» Directions for this task: Beginning with the line containing "Unisex Hippie Patchwork" and ending with the line containing "Интерактивная мягкая игрушка", write out each line of the records below exactly; pictures and lines outside that range are left out.

** Opening Dataset records block **

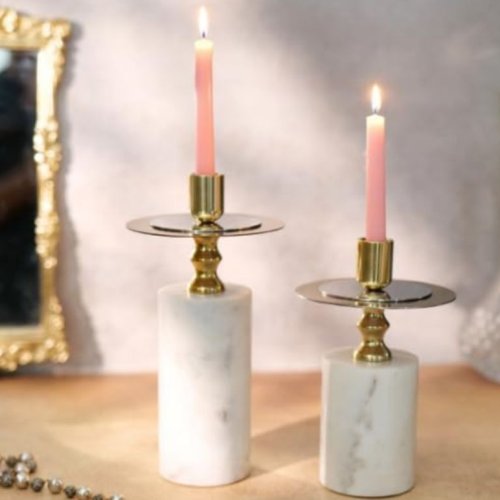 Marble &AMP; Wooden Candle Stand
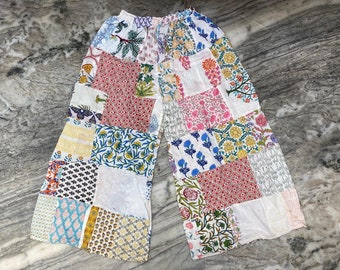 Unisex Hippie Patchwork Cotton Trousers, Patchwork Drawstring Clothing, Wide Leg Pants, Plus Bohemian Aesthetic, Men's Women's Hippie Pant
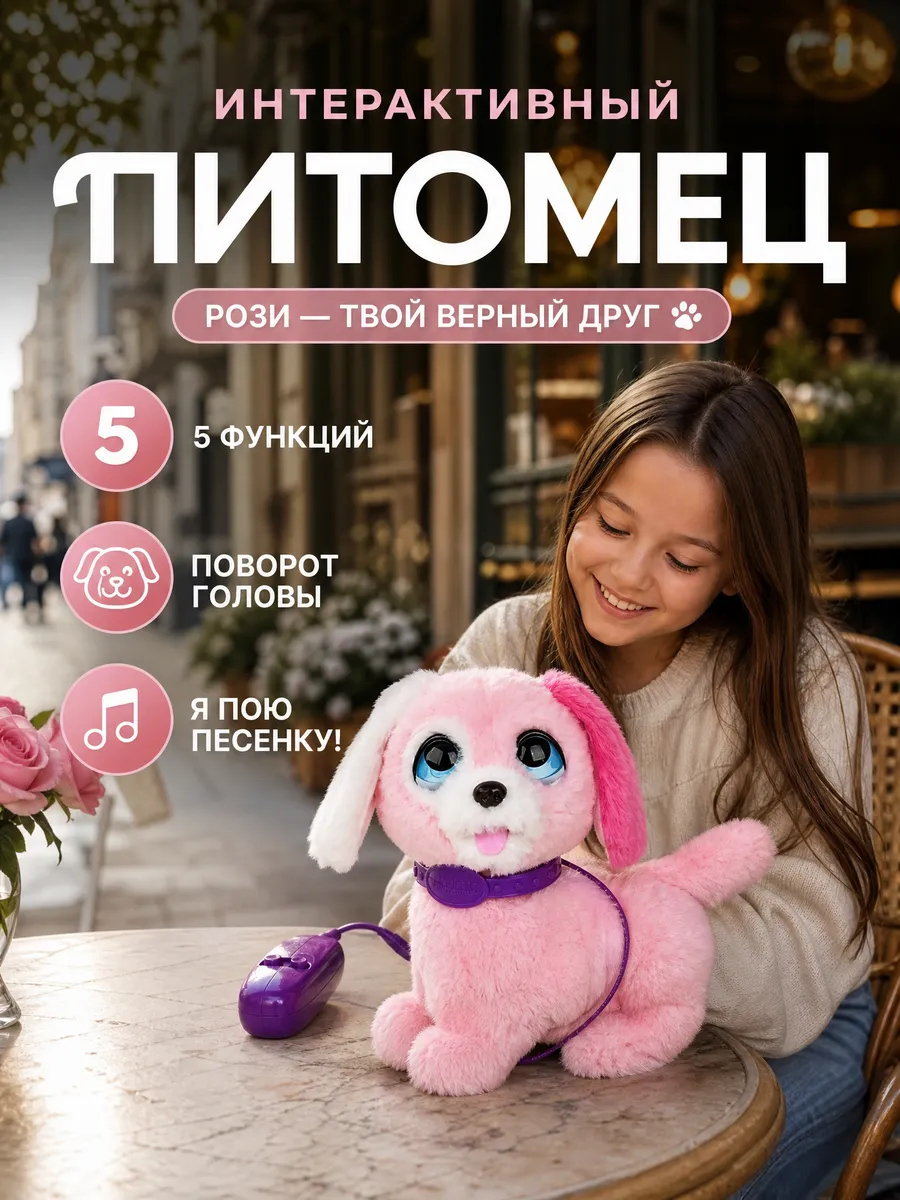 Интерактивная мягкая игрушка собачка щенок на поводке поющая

** Closing Dataset records block **
** Opening Dataset records block **

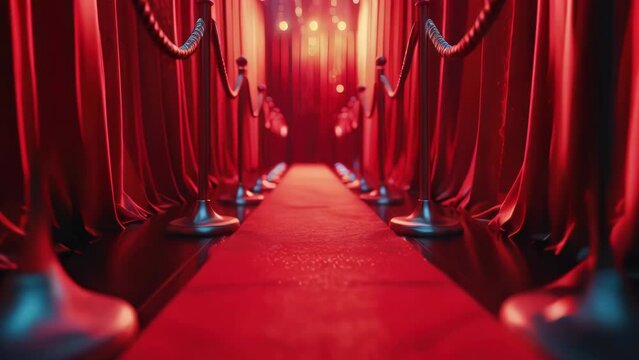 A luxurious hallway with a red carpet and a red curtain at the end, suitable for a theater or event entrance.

** Closing Dataset records block **

» Task answer:
 Unisex Hippie Patchwork Cotton Trousers, Patchwork Drawstring Clothing, Wide Leg Pants, Plus Bohemian Aesthetic, Men's Women's Hippie Pant
 Интерактивная мягкая игрушка собачка щенок на поводке поющая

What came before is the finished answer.